Moscovici, deficit di coerenza
Il concetto di deficit per Pierre Moscovici è molto “relatif”, per dirlo alla francese. Relativo. Dipende dal momento, dal ruolo che si ricopre e soprattutto dal paese nel mirino. E sul tema il commissario intransigente di capriole ne fatte parecchie. Quando era ministro dell’Economia con il governo Ayrault parlava quasi come un Di Maio moderato. “Le riforme strutturali sono un dovere. E con queste la Francia diventerà più forte, tuttavia una forte riduzione del deficit non ci porta avanti”, dichiarava il 7 maggio 2013 aggiungendo poi che l’abbattimento del deficit deve tener conto della situazione del Paese e il ritmo del consolidamento del bilancio deve rendere possibile la crescita. E quanto era il rapporto deficit/Pil negli anni in cui è stato ministro? 4,8% nel 2012; 4,1% nel 2013, 3,9% nel 2014. E la tanto osannata riduzione del debito pubblico come andava negli anni in cui era ministro Moscovici? 89,6% nel 2012; 92,4% nel 2013; 95% nel 2014. Insomma, saliva vertiginosamente.

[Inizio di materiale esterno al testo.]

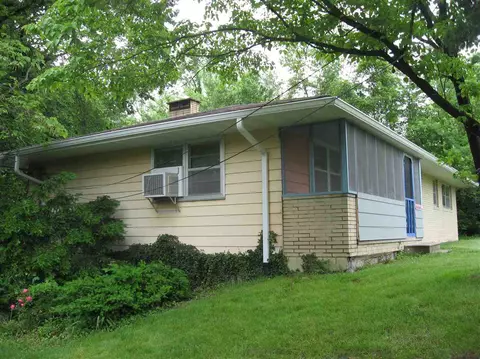815 N Charles St, Macomb, IL 61455 photo 2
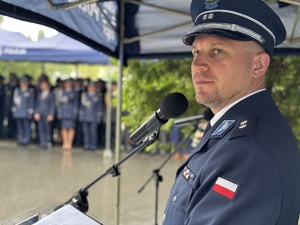 Policjant w umundurowaniu galowym spogląda w bok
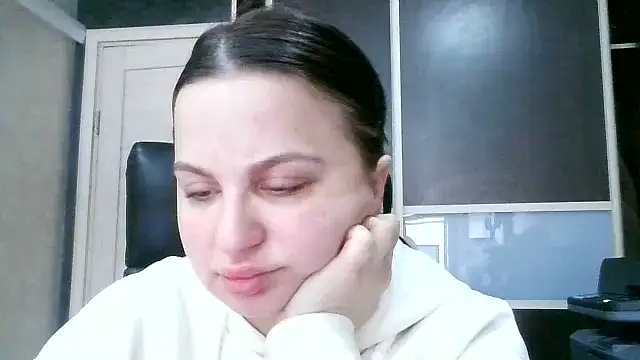 Denalynn online show from March 1, 2026, 1:29 am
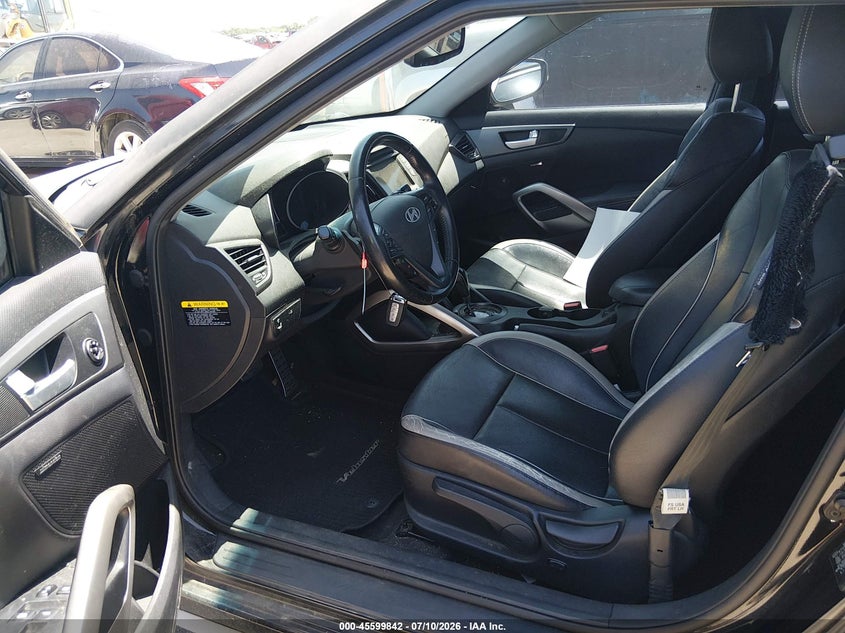 2013 HYUNDAI VELOSTER auction photo 5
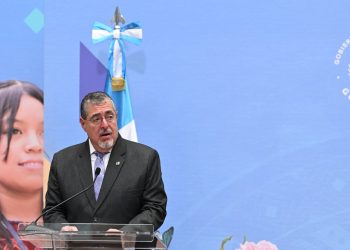 El presidente Bernardo Arévalo, durante el anuncio de nueva iniciativa de ley para combatir al cdrimen organizado.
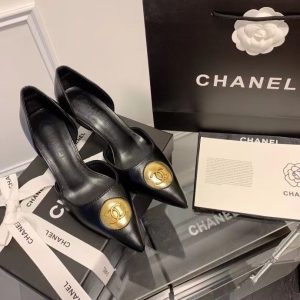 Chanel Replica Shoes/Sneakers/Sleepers Brand: Chanel Upper Material: Satin Upper Material: Satin Heel Height: Flat Heel (Less Than Or Equal To 1Cm) Sole Material: Rubber Style: England Craftsmanship: Sticky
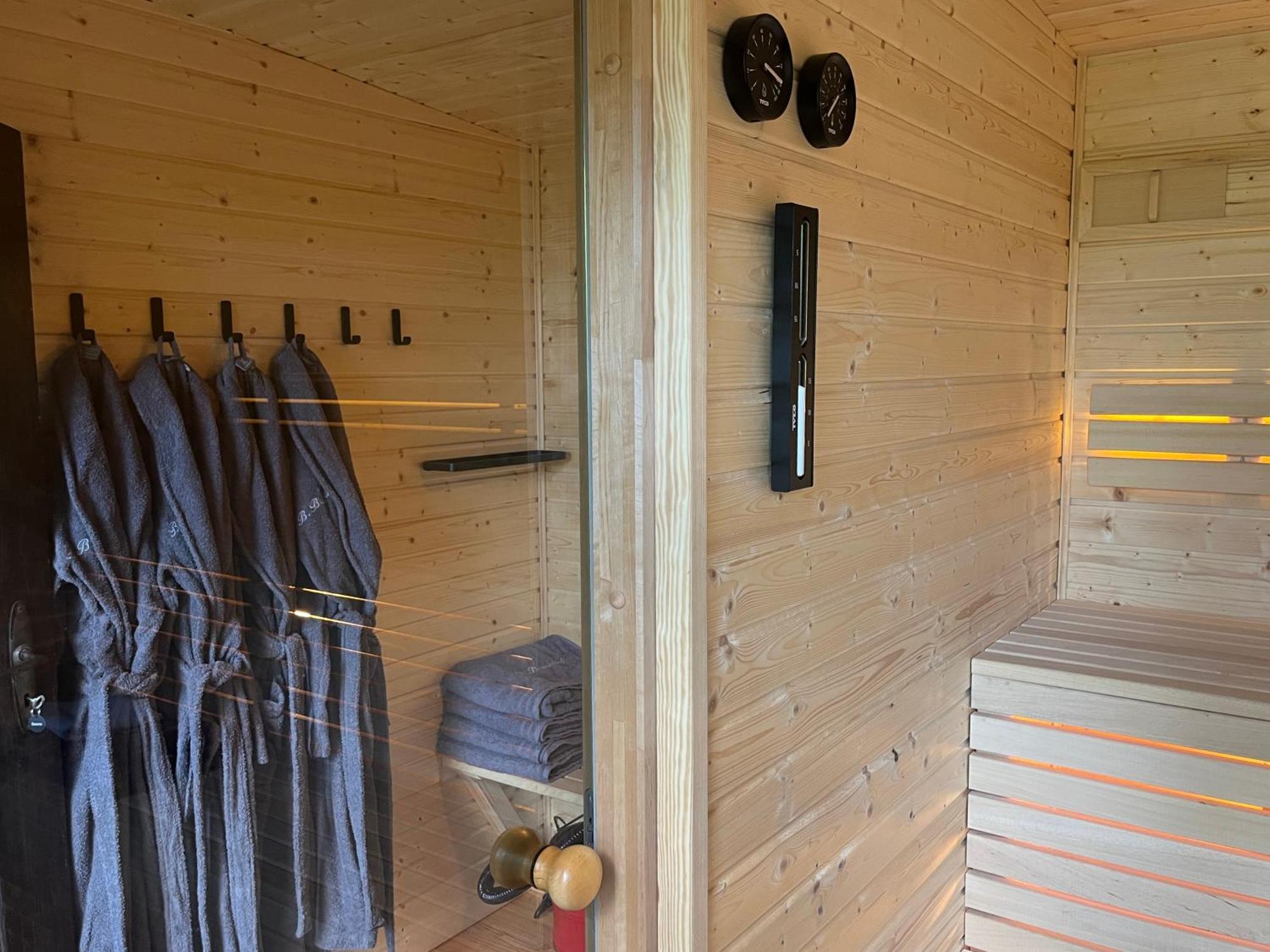 Romantisches Studio Am Waldesrand Mit Gartensauna Schwarz エクステリア 写真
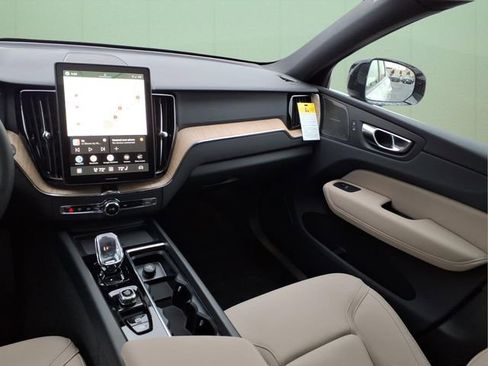 New 2026 Volvo XC60 B5 Plus w/ Protection Package Premier image 12
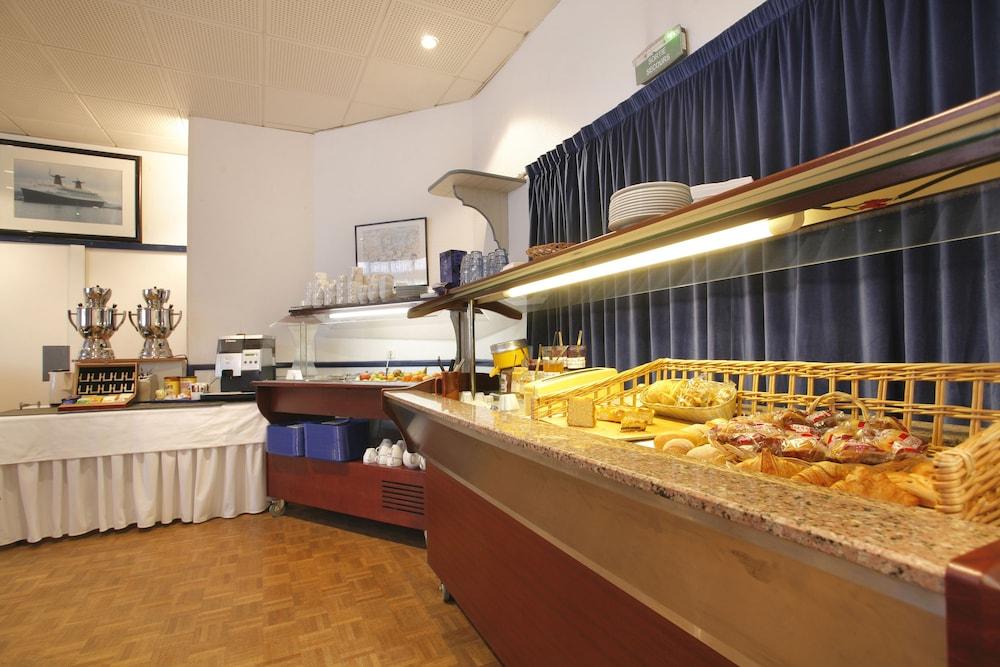 restaurant-cafeteria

Nello stesso anno, mentre Bruxelles bacchettava la Francia per il deficit oltre il 3% lui attaccava la “visione generale nella Commissione europea neoliberista e ortodossa” e rivendicava: “In Francia abbiamo elezioni, abbiamo scelte politiche e stiamo difendendo la nostra strada”. A quel tempo la Francia veniva prima delle regole dell’Unione Europea, evidentemente.
Ma una volta entrato nei palazzi di Bruxelles la musica cambia. È un cambio soft per il suo paese di origine, mentre per le altri nazioni diventa un cambio hard, con Moscovici che si erge a castigatore di chiunque si azzardi a non rispettare le regole sul deficit. Gli attacchi all’Italia sono ormai noti e frequenti, ma cosa diceva Moscovici sulla Francia?
Il 21 maggio 2017 affermava: “La credibilità della Francia di fronte ai partner europei dipende da piccoli sforzi per contenere il deficit sotto il 3% del Pil”. Il 4 ottobre dello stesso anno invitava la Francia a proseguire gli sforzi di riduzione del deficit, anche quando, come promesso dal presidente Emmanuel Macron, sarà passata sotto la soglia del 3%. Tuttavia, il commissario Ue agli Affari economici e monetari sui diceva “favorevole a una interpretazione intelligente delle regole” perché “bisogna dar prova di intelligenza e flessibilita”.
Il 13 settembre 2018 provava a sembrare più rigoroso: “È importante che la Francia resti sotto al 3% (…) È molto importante continuare a ridurre il deficit strutturale, anche solo per andare avanti nel taglio del debito. La traiettoria della Francia deve essere conforme agli impegni comuni”. Martedì scorso, il governo di Parigi ha ritoccato al rialzo gli obiettivi per il deficit del 2019, in particolare, a causa di una crescita economica più fiacca del previsto, impegnandosi tuttavia a restare sotto alla soglia del 3%, in linea con i vincoli Ue.
Quando giorni fa Macron ha annunciato misure sociali che porteranno il disavanzo al 3,4% nel 2019, il francese aveva timidamente alzato il ditino auspicando che il superamento della soglia del 3% sia “il più limitato possibile”.
Insomma, lui dice che su Francia e Italia “non ci sono due pesi e due misure”, ma di sicuro c’è un Moscovici con un deficit di coerenza.